Activity: Reproduce the complete set of records exactly. No picture is to appear in the copy.

=== Begin Enclosure ===

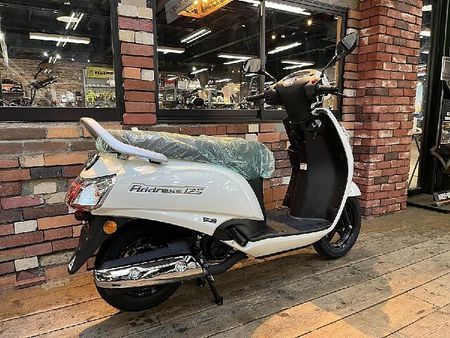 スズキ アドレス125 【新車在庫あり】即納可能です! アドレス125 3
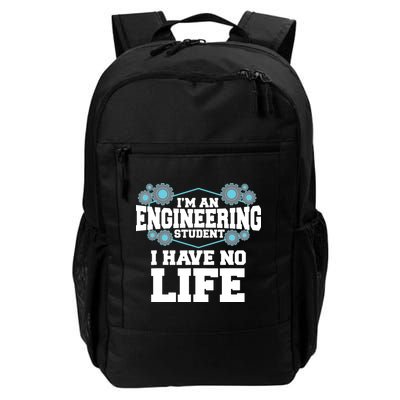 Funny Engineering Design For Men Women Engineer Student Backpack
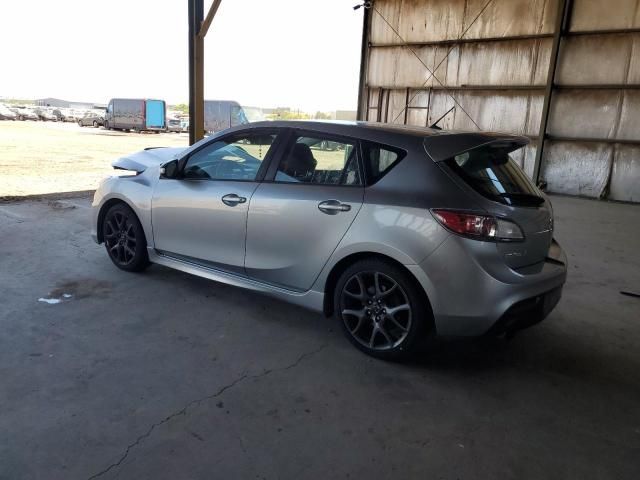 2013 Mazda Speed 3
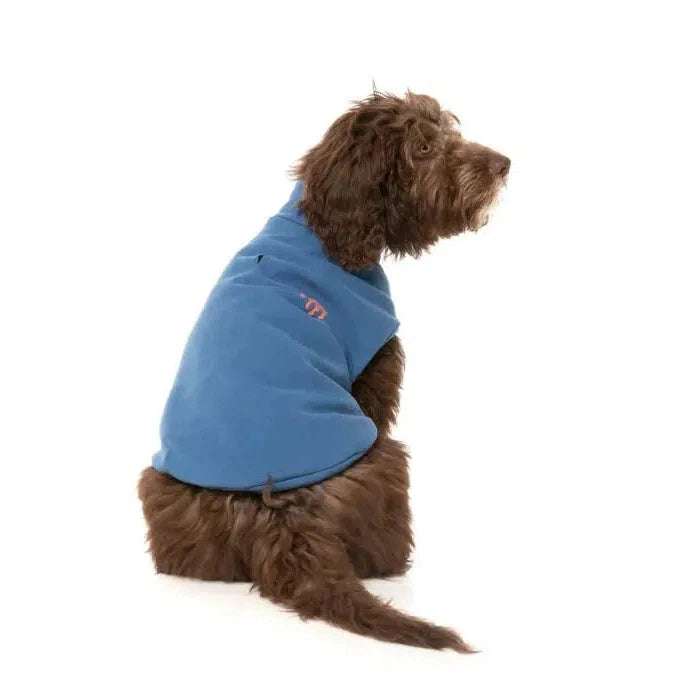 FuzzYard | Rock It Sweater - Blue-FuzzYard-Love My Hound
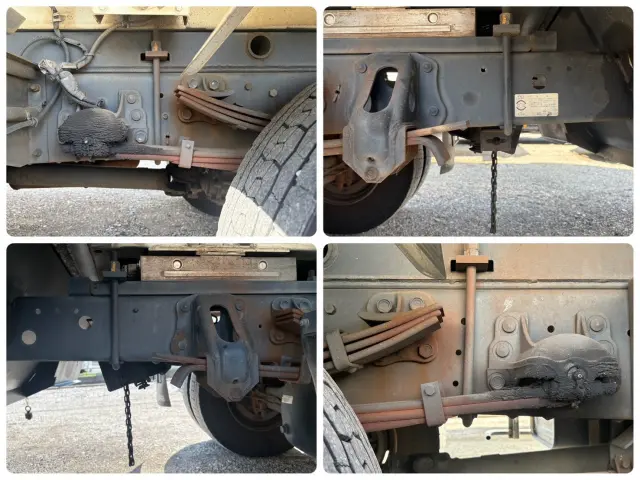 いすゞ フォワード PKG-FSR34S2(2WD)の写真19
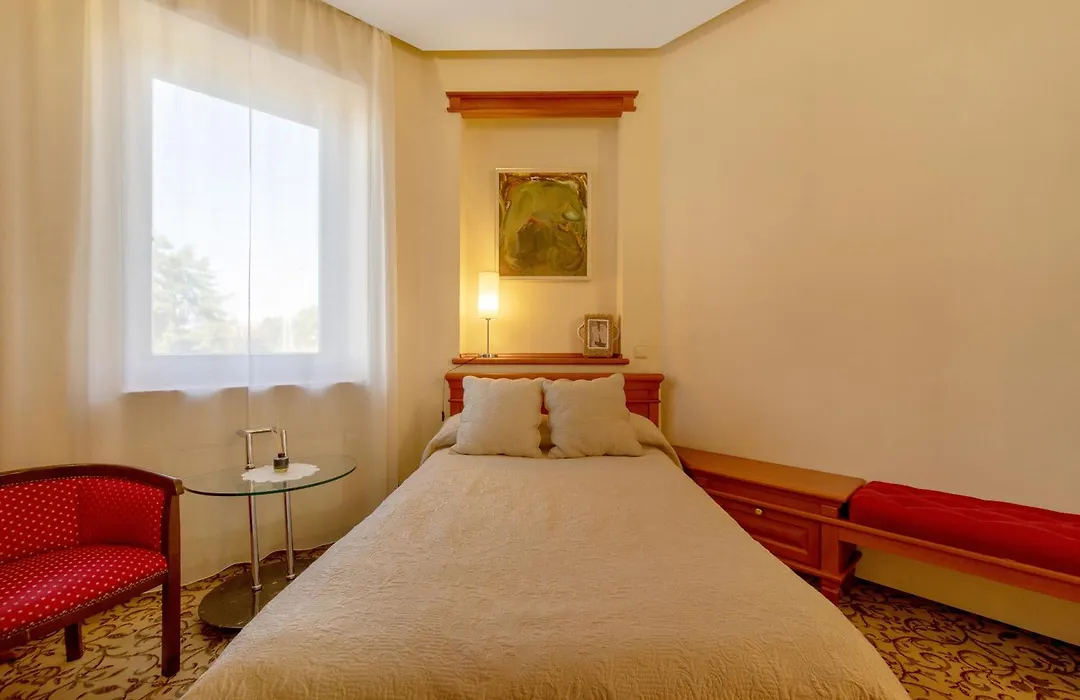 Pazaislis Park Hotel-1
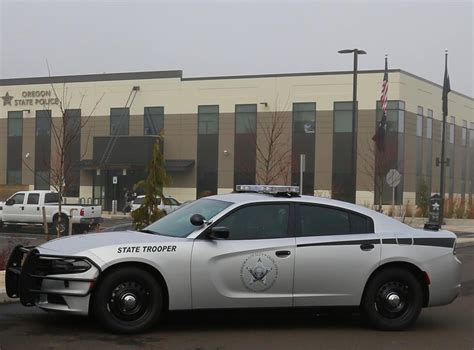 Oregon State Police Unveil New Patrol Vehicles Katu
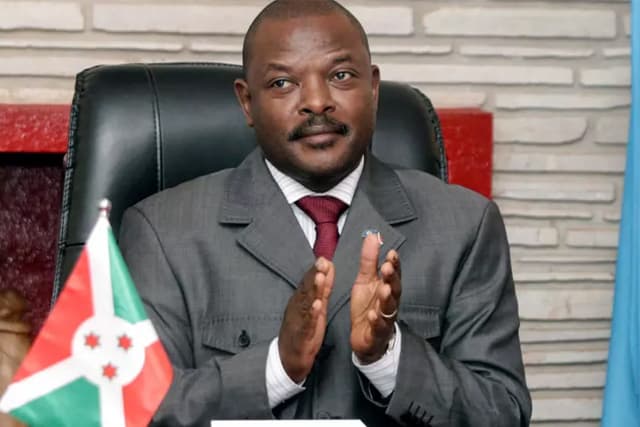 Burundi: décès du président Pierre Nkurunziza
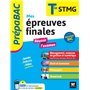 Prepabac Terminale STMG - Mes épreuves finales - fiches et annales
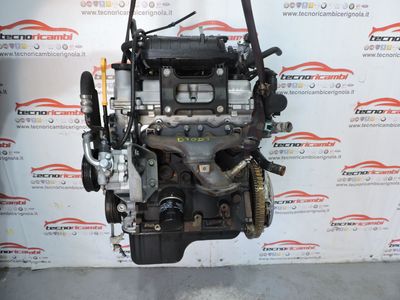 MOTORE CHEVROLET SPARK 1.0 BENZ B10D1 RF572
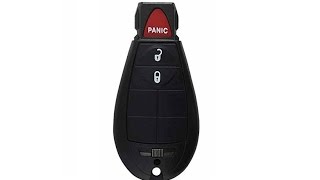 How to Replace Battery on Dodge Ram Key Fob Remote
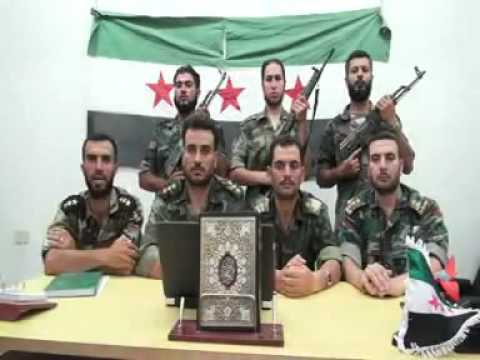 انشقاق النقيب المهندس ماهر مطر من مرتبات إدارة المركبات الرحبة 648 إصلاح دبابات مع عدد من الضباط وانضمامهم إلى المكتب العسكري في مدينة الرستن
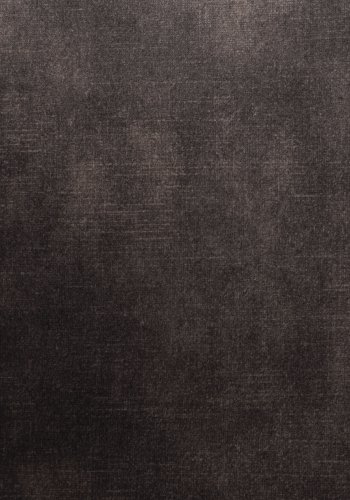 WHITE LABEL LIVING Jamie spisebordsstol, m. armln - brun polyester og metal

=== End Enclosure ===

Result of the exercise:
 スズキ アドレス125 【新車在庫あり】即納可能です! アドレス125 3
 Funny Engineering Design For Men Women Engineer Student Backpack
 2013 Mazda Speed 3
 FuzzYard | Rock It Sweater - Blue-FuzzYard-Love My Hound
 いすゞ フォワード PKG-FSR34S2(2WD)の写真19
 Pazaislis Park Hotel-1
 Oregon State Police Unveil New Patrol Vehicles Katu
 Burundi: décès du président Pierre Nkurunziza
 Prepabac Terminale STMG - Mes épreuves finales - fiches et annales
 MOTORE CHEVROLET SPARK 1.0 BENZ B10D1 RF572
 How to Replace Battery on Dodge Ram Key Fob Remote
 انشقاق النقيب المهندس ماهر مطر من مرتبات إدارة المركبات الرحبة 648 إصلاح دبابات مع عدد من الضباط وانضمامهم إلى المكتب العسكري في مدينة الرستن
 WHITE LABEL LIVING Jamie spisebordsstol, m. armln - brun polyester og metal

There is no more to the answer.